ŞIRNEX - Yüzlerce insanın katledildiği, kentin yakılıp yıkıldığı Cizre'de devlet güçlerince işlenen suçların cezasız kalmaması için çalışma yürüten hukukçularca Başvuru Merkezi oluşturuldu. Özgürlük Hukukçular Derneği'nden Nevroz Uysal, cezai boyut ile birlikte halka verilen zararların tanzim edilmesi için de çaba içerisinde olduklarını kaydetti.
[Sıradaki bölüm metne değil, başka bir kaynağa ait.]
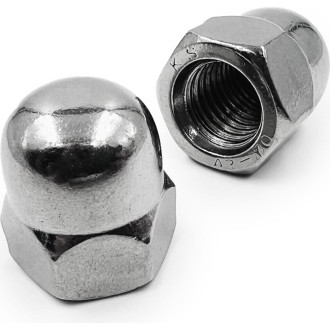 Гайка KREPFIELD 1587A2ГАЙКАМ10-8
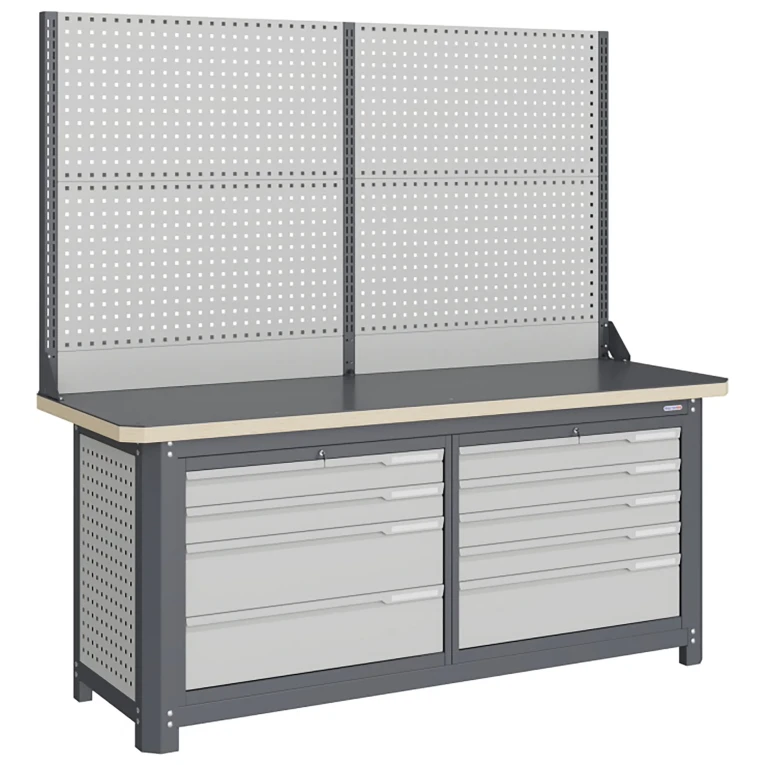 Модульный верстак MCN 2052.L45-2 купить в Краснодаре Модульный верстак MCN 2052.L45-2 купить в Краснодаре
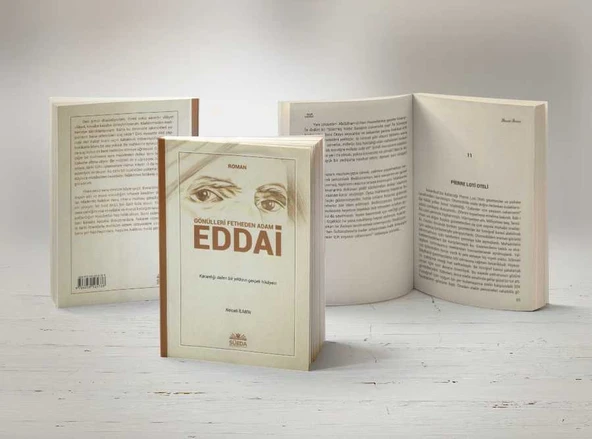 Gönülleri Fetheden Adam Eddai - Resim 4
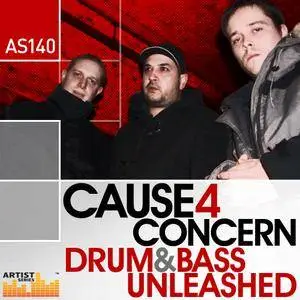 Loopmasters Cause 4 Concern Drum and Bass Unleashed MULTiFORMAT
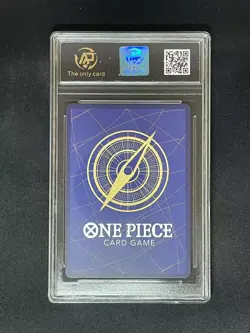 2025 ONE PIECE cards JAP Nico Robin OP12-087 SR RPA 10 (SAME AS PSA 10) - Image 2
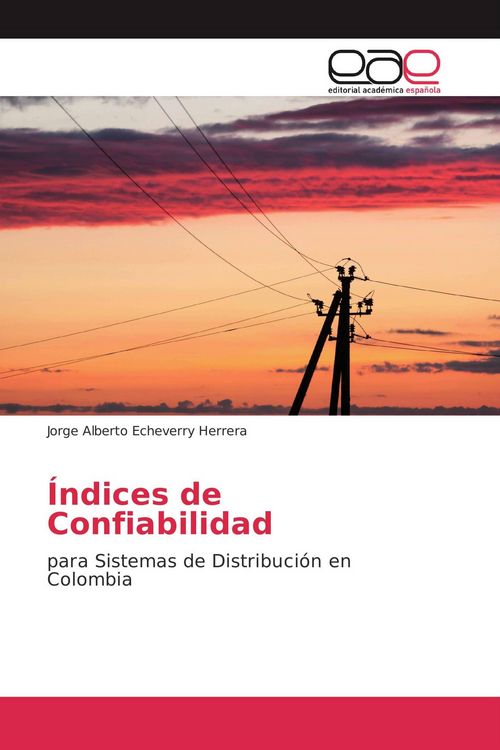 Produktbild: &Iacute;ndices de Confiabilidad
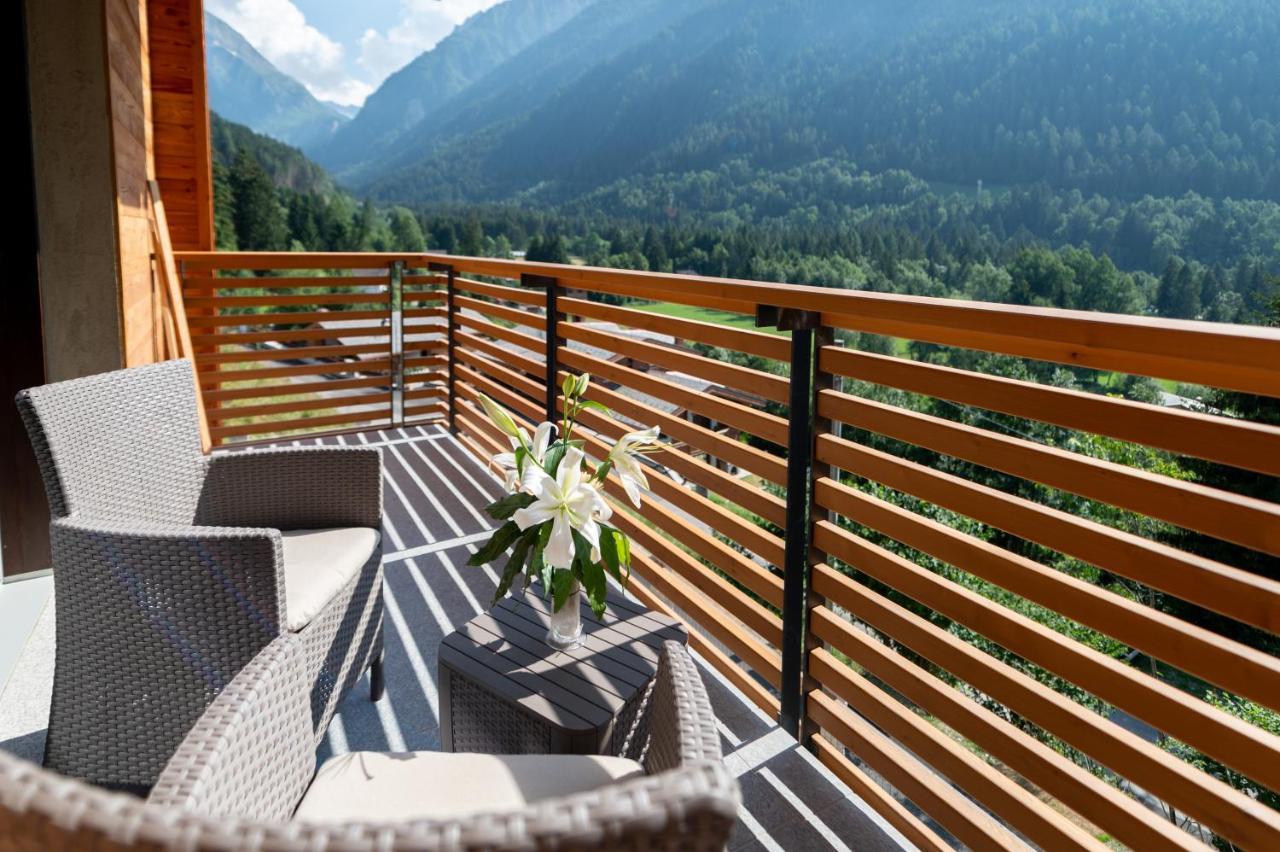 Trilocale Taiga - Traviolo Ski Resort Temù Εξωτερικό φωτογραφία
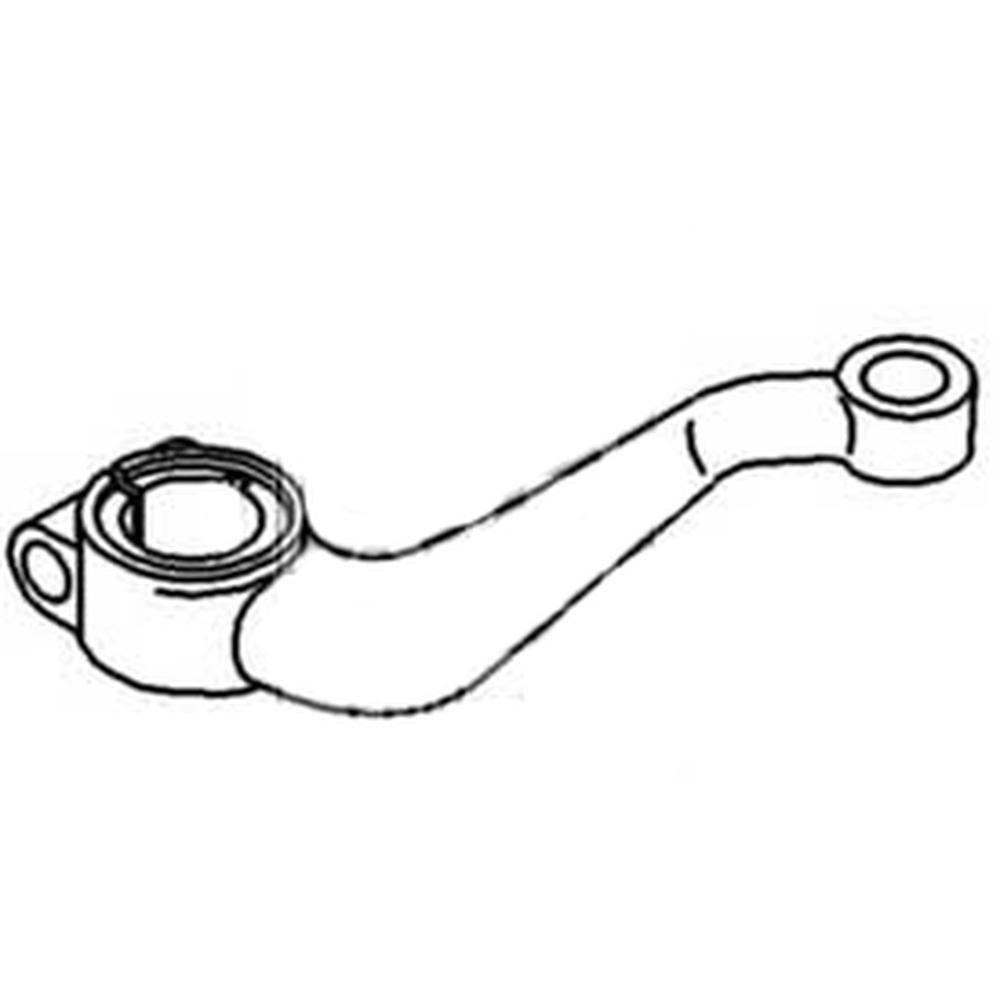 Right Hand Steering Arm Fits 165 175 255 265 275 285 3165 194569M1 194569M1-A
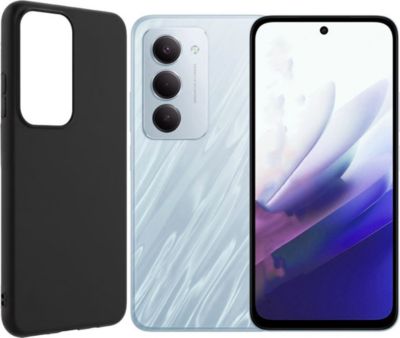 Coque VISIODIRECT Coque Noir pour Xiaomi Redmi 15 6.9"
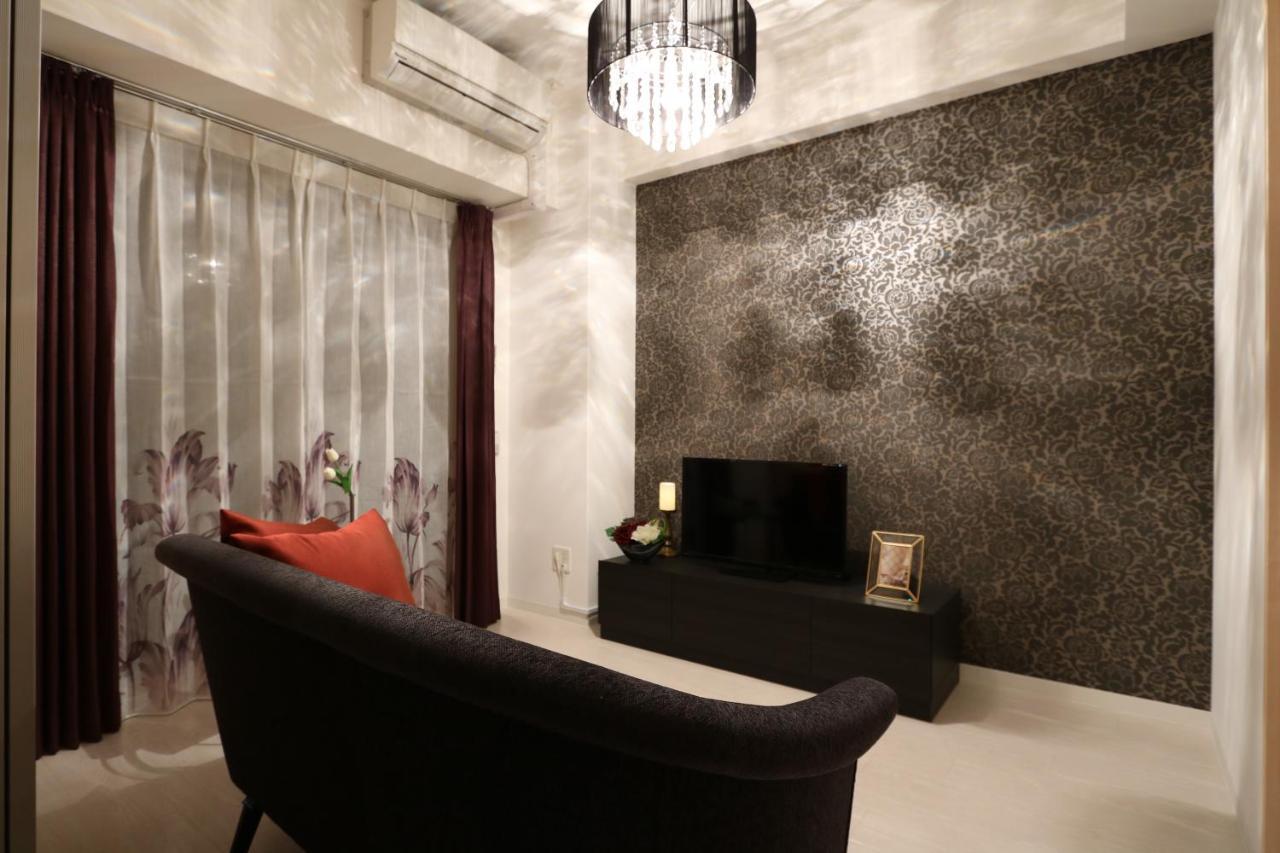Hotel Olfea Residence Namba Osaka Ngoại thất bức ảnh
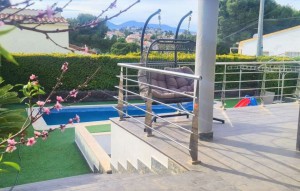 Sprzedaż - Villa -
Calpe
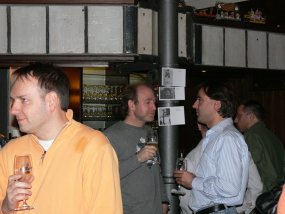 20. Abiturjubiläum des Jahrgangs 1988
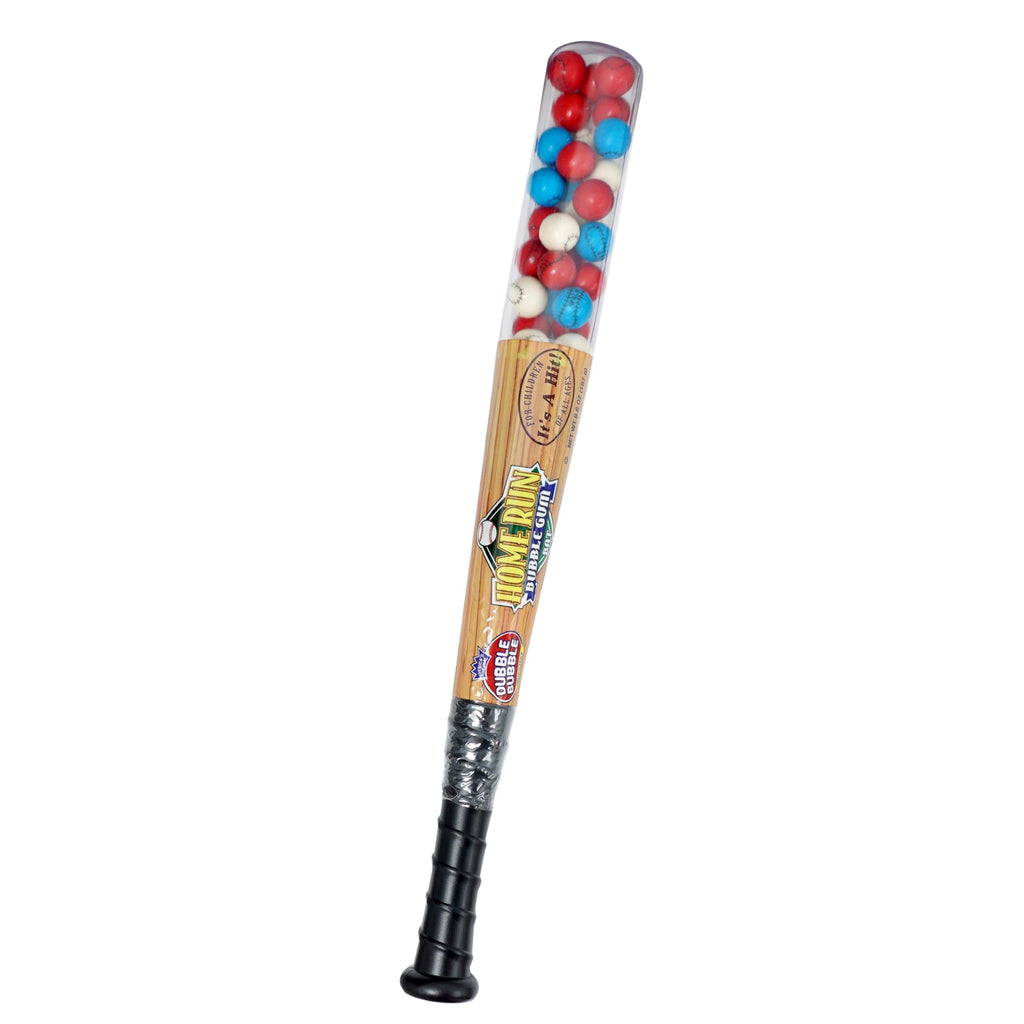 Dubble Bubble Gumball Home Run Baseball Bat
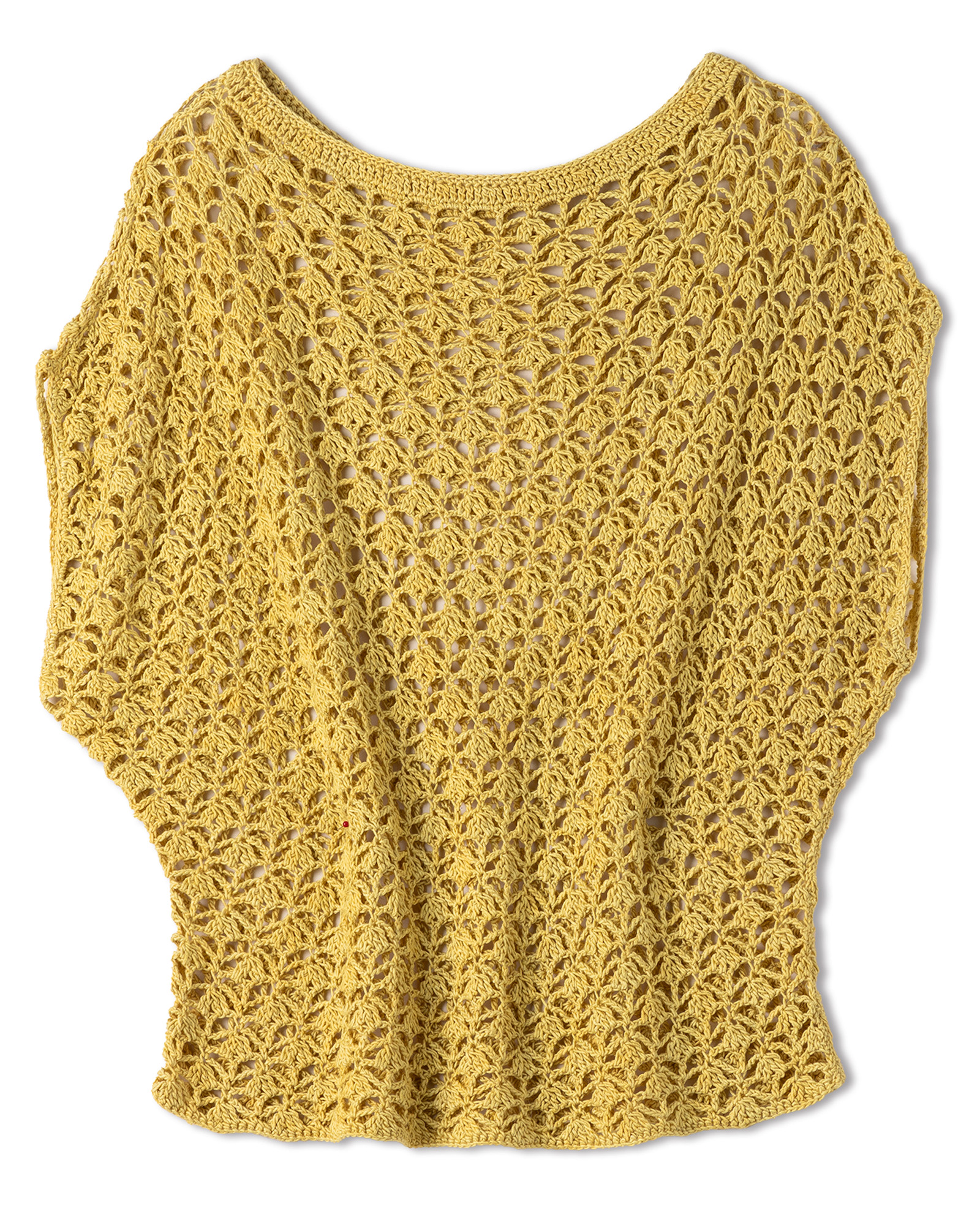 Strickset Shirt Im Spitzenmuster Aus Solo Lino Von Lana Grossa 2 Strickset Shirt Im Spitzenmuster Aus Solo Lino Von Lana Grossa – Bild 2
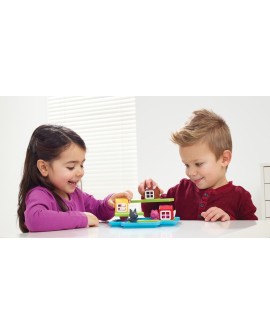 SmartGames Three Little Piggies - Deluxe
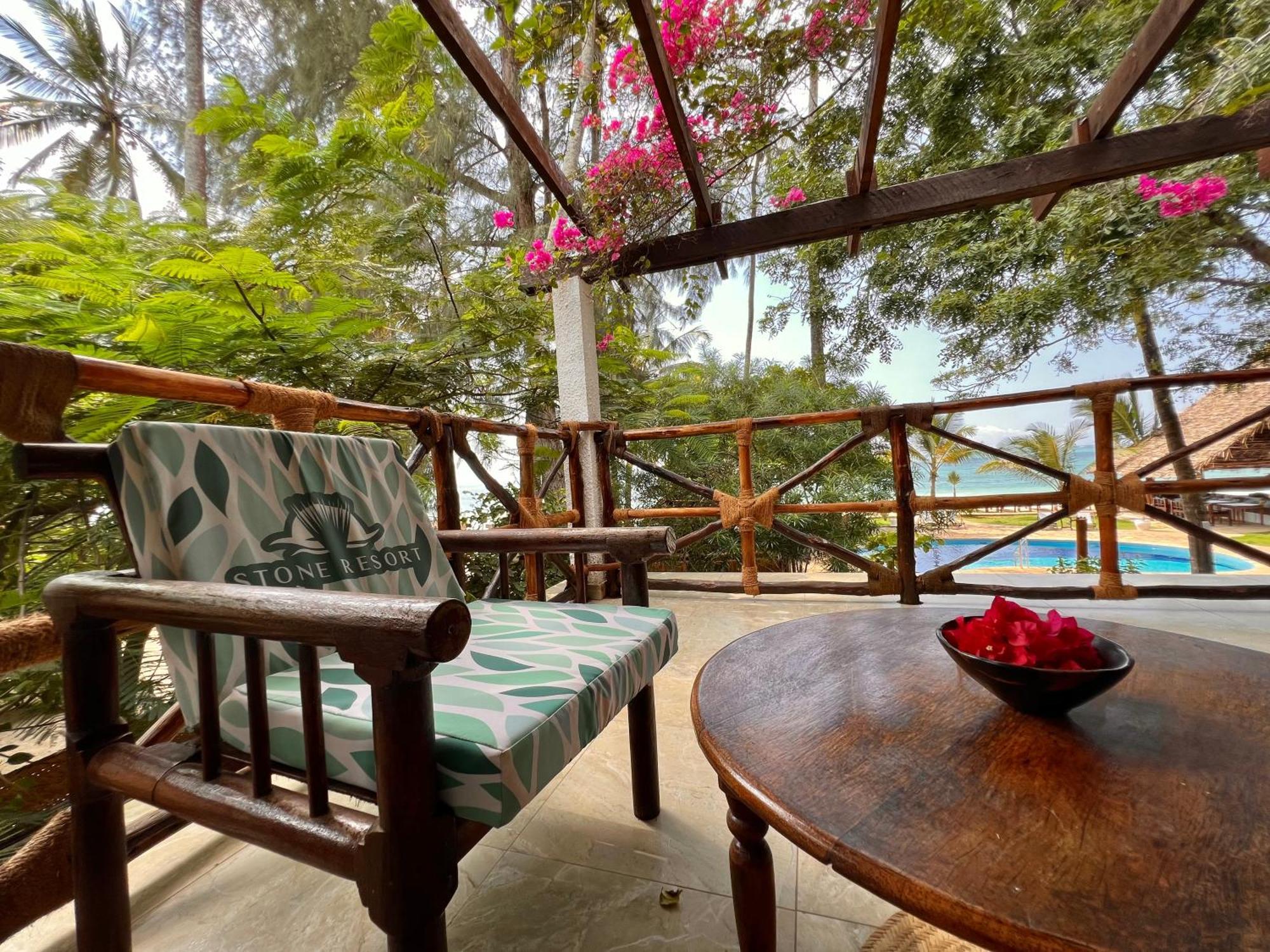 Stone Resort Kiwengwa  Luaran gambar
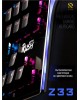 Мышь SMARTBUY (SBK-313MG-K) RUSH Z33 USB черная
Hazırlanan raporlara göre, Cizre'de 300'e yakın insanın yaşamını yitirdiği 79 günlük yasak boyunca devlet güçlerince işlenen suçların hesabının sorulması için Özgürlükçü Hukukçular Derneği (ÖHD), Mezopotamya Hukukçular Derneği (MHD) ve Şırnak Barosu'na bağlı 100'e yakın avukat kuşatmanın kalktığı günden bu yana çalışma halinde. Katledilenlerin aileleri ve mahallelerde topladıkları deliller çerçevesinde suç duyurularında bulunacak. Günlerdir halkı dinlediklerini ve suç duyurusu başvuruları aldıklarını belirten bu hukukçulardan ÖHD üyesi avukat Nevroz Uysal, işlenen suçların cezasız kalmaması için ulusal, uluslararası bütün hukuki yollara başvuracaklarını vurguladı. Öncelikli amaçlarının kentte işlenen suçların cezasız kalmamasını sağlamak olduğunun altını çizen Nevroz, bunun yanı sıra halkın maddi kayıplarının karşılanması için de hukuki mücadele vereceklerini ifade etti.

'Suçlular korunuyor'

Nevroz, son yasakta yaşananlar gibi 9 günlük önceki kuşatma sırasında devlet güçlerinin işlediği suçların yargı önüne çıkarılması için de mücadele ettiklerini belirterek, "O süreçte yaşanılan saldırılardan sonra Cumhuriyet Savcılığı etkin bir soruşturma yapmadı. Yine biz avukatlar delilleri toplayıp savcıların olay yerlerine intikal etmesi için girişimlerde bulunduk. Ancak o dönem olay yerlerine savcı veya polis gelmedi" dedi. O dönem işlenen suçlara ilişkin Cumhuriyet Başsavcılıkları'na çok sayıda suç duyurusunda bulunduklarını vurgulayan Nevroz, ancak savcıların etkin bir soruşturma yürütmeyip, suçluları korumaya çalıştığını ifade etti.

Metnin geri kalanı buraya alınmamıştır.